### [What is required]
Repeat every entry word for word; omit all pictures.

= = =

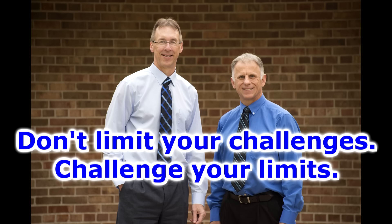Bob and Brad, the two most famous physical therapists on the internet. Hi folks, I'm Bob Shrub, physical therapist. Brad Heineck, physical therapist. We are the most famous physical therapists on the internet — in our opinion of course. I'm pumped up today Brad. I'm feeling strong like bull myself.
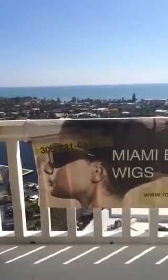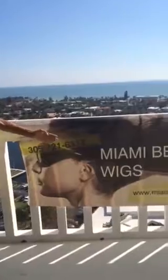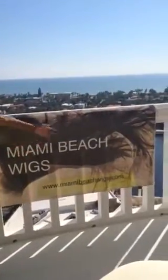We have a great price going on. It's the After Irma Hurricane Let's Get Beautiful sale that we have going on here. Our wigs are $2.99. Please feel free to call us at 305-721-6313 or go online at www.MiamiBeachWigs.com.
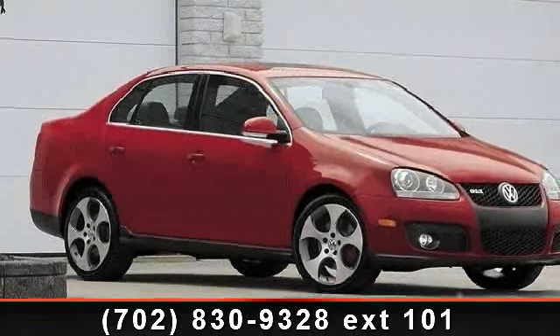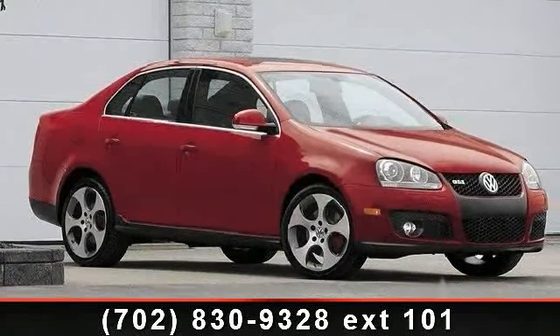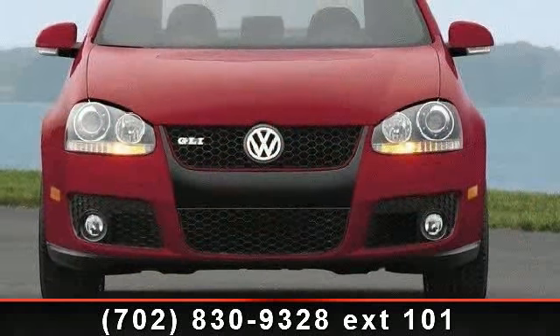Check out this 2008 Volkswagen Jetta Wolfsburg. If you are looking for a first-rate auto, this one could be yours today.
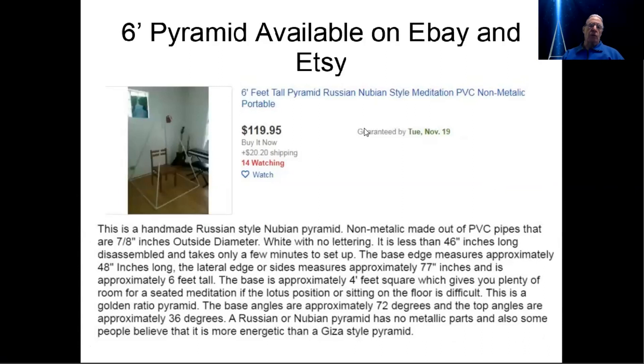Here's a six-foot variation of that same pyramid. Once again, down at the bottom, it shows that the slant angle is 72 degrees. So if you see these on either eBay or Etsy, I know they're less expensive than mine, but they're not going to have the right geometry. I'm not going to talk to the quality of the pyramid or the quality of the connections — that's a whole separate topic — but I am going to talk to the geometry. These are four-plus degrees off in terms of their geometry.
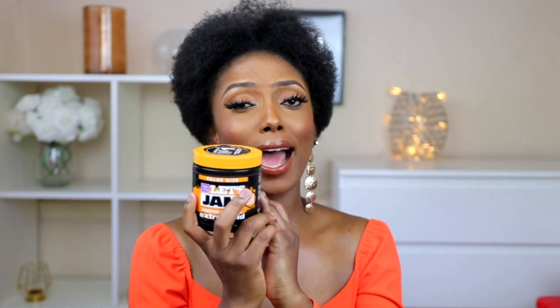Eco Styler gel can never be scarce in my house. I have two types already. It's very affordable — this one is three pounds. If you have natural hair and want to slick your hair, you're going to need Eco Styler gel. Recently I also started using this JAM and I absolutely love it. The size is amazing and the hold is something else. For 4C hair, slicking your edges can be really challenging, but not with the JAM — try it, you won't be disappointed.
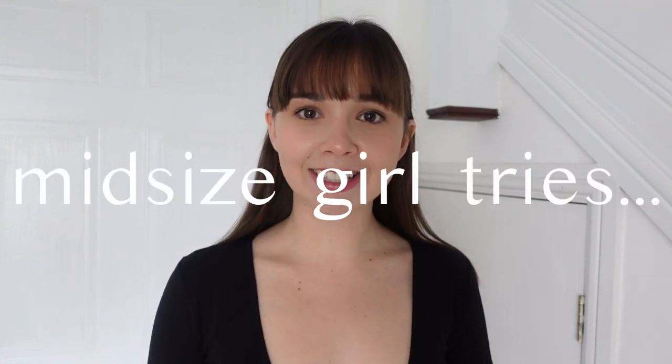Hi everyone, welcome back to my channel. In today's video I wanted to make another episode in my mid-sized girl tries series. So if you saw the first episode a few months ago I tried the Levi's ribcage jeans, I picked a few different washes and different sizes and tested them out and told you whether I would recommend them for a mid-sized body.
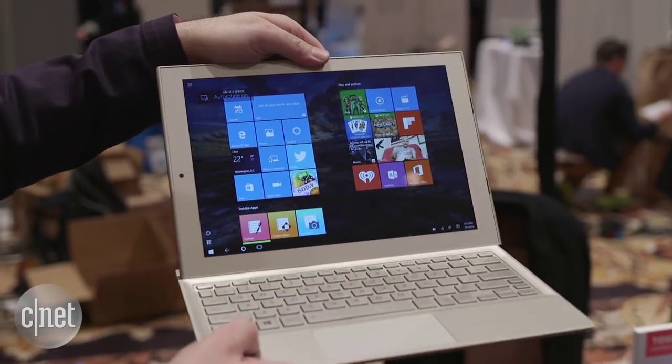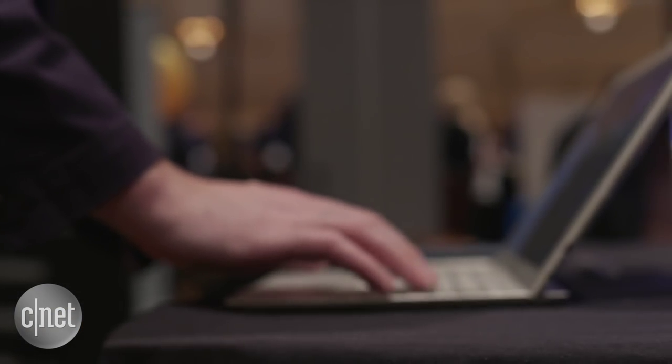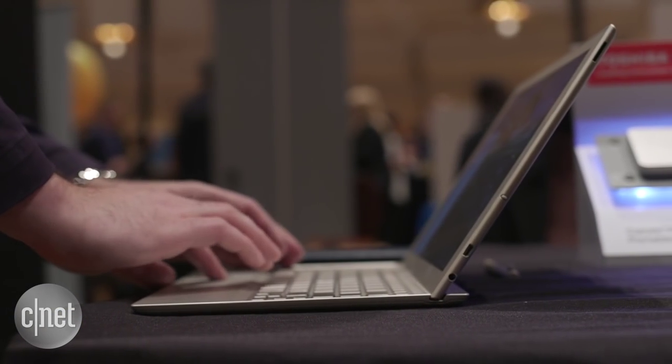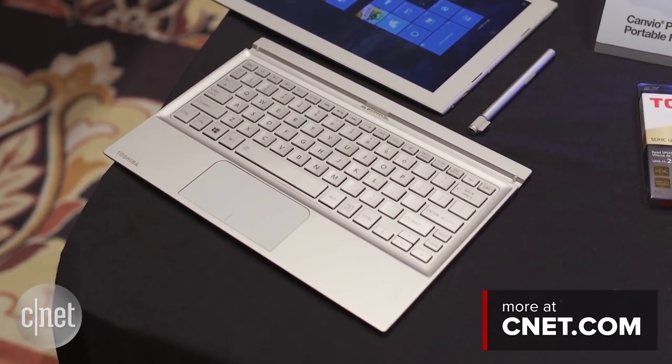The tablet itself is $569 and will be available by the end of January. If you want to add a keyboard dock, that's an extra $99, which is more, but it's less than a lot of other companies charge for their add-on keyboard docks. At CES 2016, this is the Toshiba Dynapad.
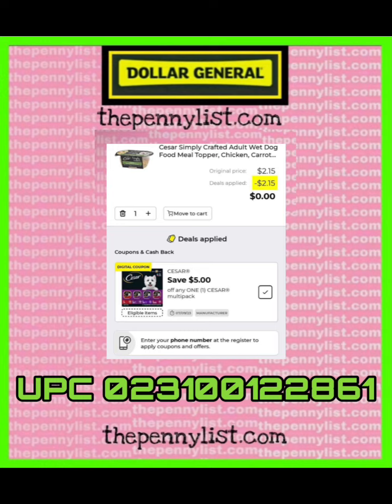Since this person purchased an item that is $2.15, they only got $2.15 off. So you're going to want to get a more expensive item or add another item.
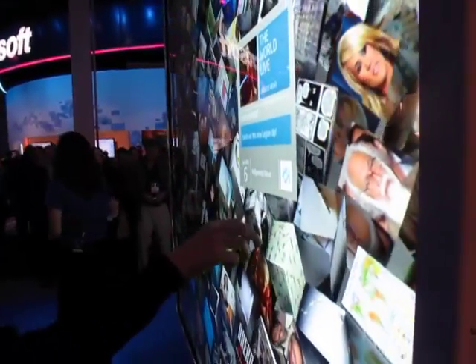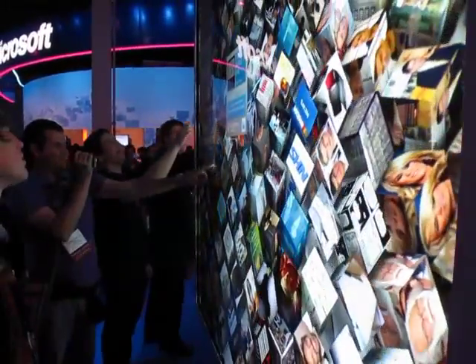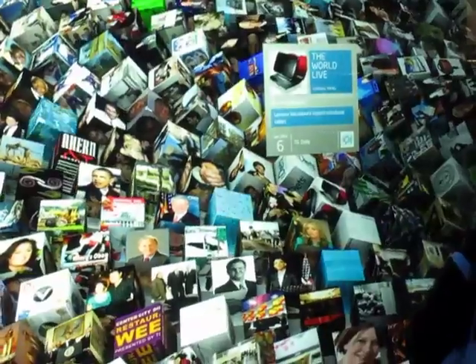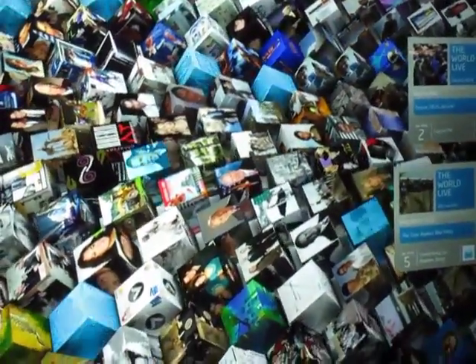Why don't you guys come on up here. I'd like you to get your hands on this display — don't be shy. These are all 3D cubes in motion. As you press a cube, a piece of information is going to come up. Right over here, Mikey is changing the perspective, the way in which we're actually viewing this content.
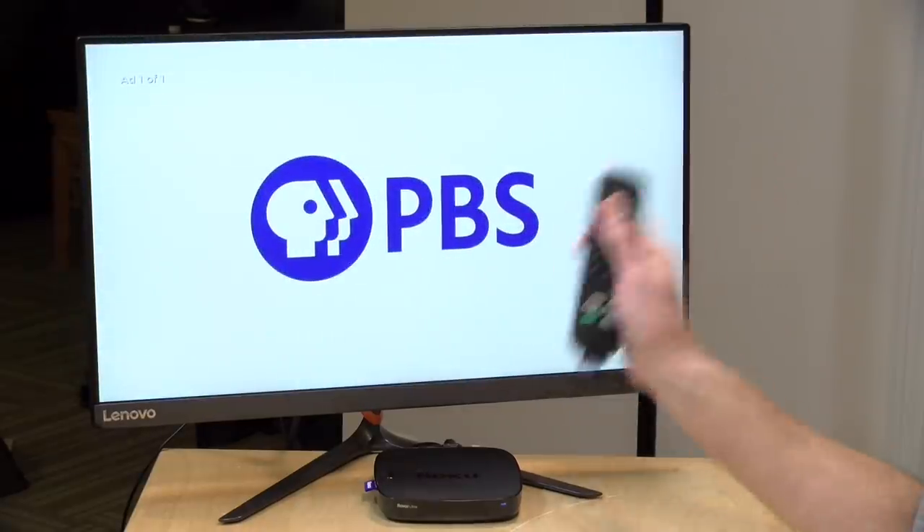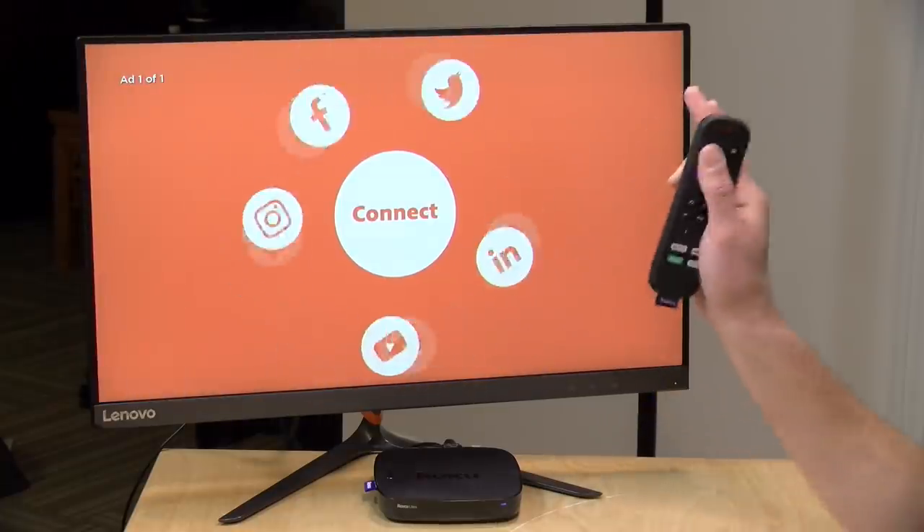The PBS app will have some ads — I found most to be for PBS programming or the membership program, with a few from companies. There are ad breaks baked into the content, but I found it to be less intrusive than some of the other options we've covered in this series.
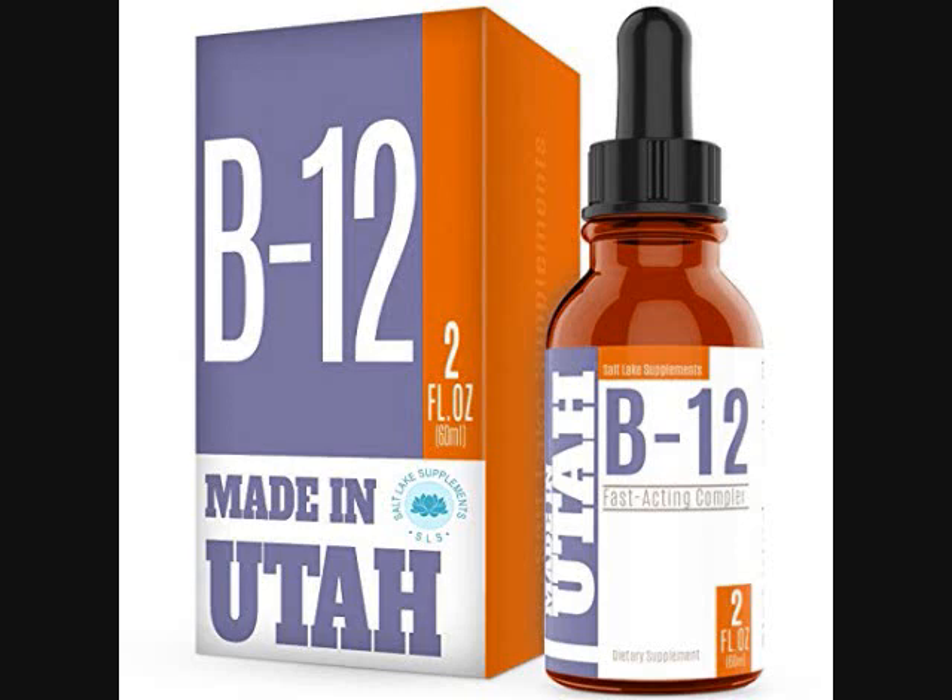Our products are all tested by a third party to make sure the highest quality and purity of each batch. If you have any questions, our customer service team will always be available to take care of your needs. If you buy this on Amazon, it's $19.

= = =

### [Exercise response]
Bob and Brad, the two most famous physical therapists on the internet. Hi folks, I'm Bob Shrub, physical therapist. Brad Heineck, physical therapist. We are the most famous physical therapists on the internet — in our opinion of course. I'm pumped up today Brad. I'm feeling strong like bull myself.
We have a great price going on. It's the After Irma Hurricane Let's Get Beautiful sale that we have going on here. Our wigs are $2.99. Please feel free to call us at 305-721-6313 or go online at www.MiamiBeachWigs.com.
Check out this 2008 Volkswagen Jetta Wolfsburg. If you are looking for a first-rate auto, this one could be yours today.
Here's a six-foot variation of that same pyramid. Once again, down at the bottom, it shows that the slant angle is 72 degrees. So if you see these on either eBay or Etsy, I know they're less expensive than mine, but they're not going to have the right geometry. I'm not going to talk to the quality of the pyramid or the quality of the connections — that's a whole separate topic — but I am going to talk to the geometry. These are four-plus degrees off in terms of their geometry.
Eco Styler gel can never be scarce in my house. I have two types already. It's very affordable — this one is three pounds. If you have natural hair and want to slick your hair, you're going to need Eco Styler gel. Recently I also started using this JAM and I absolutely love it. The size is amazing and the hold is something else. For 4C hair, slicking your edges can be really challenging, but not with the JAM — try it, you won't be disappointed.
Hi everyone, welcome back to my channel. In today's video I wanted to make another episode in my mid-sized girl tries series. So if you saw the first episode a few months ago I tried the Levi's ribcage jeans, I picked a few different washes and different sizes and tested them out and told you whether I would recommend them for a mid-sized body.
The tablet itself is $569 and will be available by the end of January. If you want to add a keyboard dock, that's an extra $99, which is more, but it's less than a lot of other companies charge for their add-on keyboard docks. At CES 2016, this is the Toshiba Dynapad.
Since this person purchased an item that is $2.15, they only got $2.15 off. So you're going to want to get a more expensive item or add another item.
Why don't you guys come on up here. I'd like you to get your hands on this display — don't be shy. These are all 3D cubes in motion. As you press a cube, a piece of information is going to come up. Right over here, Mikey is changing the perspective, the way in which we're actually viewing this content.
The PBS app will have some ads — I found most to be for PBS programming or the membership program, with a few from companies. There are ad breaks baked into the content, but I found it to be less intrusive than some of the other options we've covered in this series.
Our products are all tested by a third party to make sure the highest quality and purity of each batch. If you have any questions, our customer service team will always be available to take care of your needs. If you buy this on Amazon, it's $19.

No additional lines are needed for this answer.